The problem with relogging though is wildlife that uses the trees for habitat is still very disturbed, and I doubt logging companies understand the nuance of forests, such as tree species diversity and the mycology associated with forests: They probably just all "replant" the same species of trees.
When he said "the way of the Indians", I thought he's joking. Then they actually tried to sell Kung Fu as the native american way of fighting and I could not stop laughing...
I think the best depiction of Native Americans has to be in the movie "Dudley Do Right". It's not accurate even by the biggest stretch of the imagination, but it's fun.
That could actually be an accurate fact, since Jackie Chan used Kung fu to fight some Native Americans in “Shanghai Noon”. And then he made friends with one of the tribes, so there’s a chance that he taught them Kung fu during his visit.
***** the joke you made was already unfunny on its own, but I feel the need to point out you misspelled douche every time. Assuming that's what you were going for. It's the only joke I can see you trying to make in this jumble.
"Chuck Norris wants to put himself into every man!, "Thank you for making a statement that could not possible be interpreted in any other way!" THIS, was the phrase that finally caused me to die of laughter, anyone want to join me in the morgue?
I am not even going to comment about how the shapeshifter "has the ability to take the shape of those creatures he loved in life", which ALSO cannot in any way, shape or form be misconstrued...
This makes me wonder if there's been a movie with an 'evil' logging company revealed to actually be ecologically responsible with proper forest management and regrowth care. After all the forest is a finite resource unless properlly cared for and I'm sure by the era of 80s and 90s environmental movies companies have realized that.
Morgil now they do yeah, they realized that a renwable resource is good for business and you can only clear cut one forest after another for so long. But take a trip to the redwoods (or watch my vlog trip) and you'll se that wasnt always the case couse that same era had people thinking cigerettes were good for you a 90's company might still stepp on the little guy to get to the forest but they would still be replanting, a 2010 company however whould realize that twitter is real and bad pr can crush you so even if they didnt care about the little guy they would try to act like thy did
21:04 - That's not in the script, Michael Beck just realized how bad his career has gotten. "I was in the Warriors and now I'm in this! WHERE DID I GO WRONG?!"

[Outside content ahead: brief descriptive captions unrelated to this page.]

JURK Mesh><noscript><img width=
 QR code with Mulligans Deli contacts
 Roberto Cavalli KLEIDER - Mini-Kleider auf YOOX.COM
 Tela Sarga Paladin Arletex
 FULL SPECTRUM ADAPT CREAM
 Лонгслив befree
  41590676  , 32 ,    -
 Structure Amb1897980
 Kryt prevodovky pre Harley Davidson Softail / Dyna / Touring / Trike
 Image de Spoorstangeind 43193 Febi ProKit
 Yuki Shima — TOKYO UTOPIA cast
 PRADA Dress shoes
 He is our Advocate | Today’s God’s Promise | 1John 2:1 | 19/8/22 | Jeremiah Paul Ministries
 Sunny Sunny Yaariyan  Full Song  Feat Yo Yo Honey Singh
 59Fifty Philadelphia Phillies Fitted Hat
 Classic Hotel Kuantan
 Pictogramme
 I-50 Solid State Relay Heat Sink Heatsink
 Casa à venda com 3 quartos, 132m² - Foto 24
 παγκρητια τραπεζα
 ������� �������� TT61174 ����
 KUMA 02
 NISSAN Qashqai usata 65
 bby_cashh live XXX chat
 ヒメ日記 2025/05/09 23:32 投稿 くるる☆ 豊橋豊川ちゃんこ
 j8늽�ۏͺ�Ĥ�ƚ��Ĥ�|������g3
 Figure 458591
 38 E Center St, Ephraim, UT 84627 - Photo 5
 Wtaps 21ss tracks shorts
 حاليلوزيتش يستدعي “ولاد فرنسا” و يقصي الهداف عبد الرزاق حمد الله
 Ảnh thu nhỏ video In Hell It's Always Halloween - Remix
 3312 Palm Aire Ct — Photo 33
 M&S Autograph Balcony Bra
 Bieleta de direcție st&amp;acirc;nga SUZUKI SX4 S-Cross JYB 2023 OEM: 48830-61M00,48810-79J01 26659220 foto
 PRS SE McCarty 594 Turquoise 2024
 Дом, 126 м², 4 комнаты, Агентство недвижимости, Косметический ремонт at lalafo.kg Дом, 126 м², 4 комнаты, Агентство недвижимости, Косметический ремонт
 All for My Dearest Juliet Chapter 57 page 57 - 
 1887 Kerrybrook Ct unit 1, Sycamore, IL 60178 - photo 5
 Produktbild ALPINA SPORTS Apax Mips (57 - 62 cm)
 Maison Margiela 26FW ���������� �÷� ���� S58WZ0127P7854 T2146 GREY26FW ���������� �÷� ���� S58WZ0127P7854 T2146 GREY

Oh my god. The beginning banter was perhaps THE greatest double entendre sequence I have ever heard in all my life. It must have been hard for Chuck Norris though. The image of him being bent out of shape these days. Maybe he should join the navy, surround himself with masculine sea men, teaching the young privates to stand at attention. Spending his days giving a spit shine to his shoes and cleaning the butt of his rifle. I'm no Barbara Dunkleman, but I'm pretty damn close at this point.
"Isn't that also the way Ballerinas fight?" Damn... now i want to see the animated movie "Black swann Barbie - The last Ninja-Ballerina against the Space Pirates" Ehhh "he can take the shape of those creatures he loved in life"... so if he can turn into a bear Chuckles did put himself in a bear first? Ewwwww.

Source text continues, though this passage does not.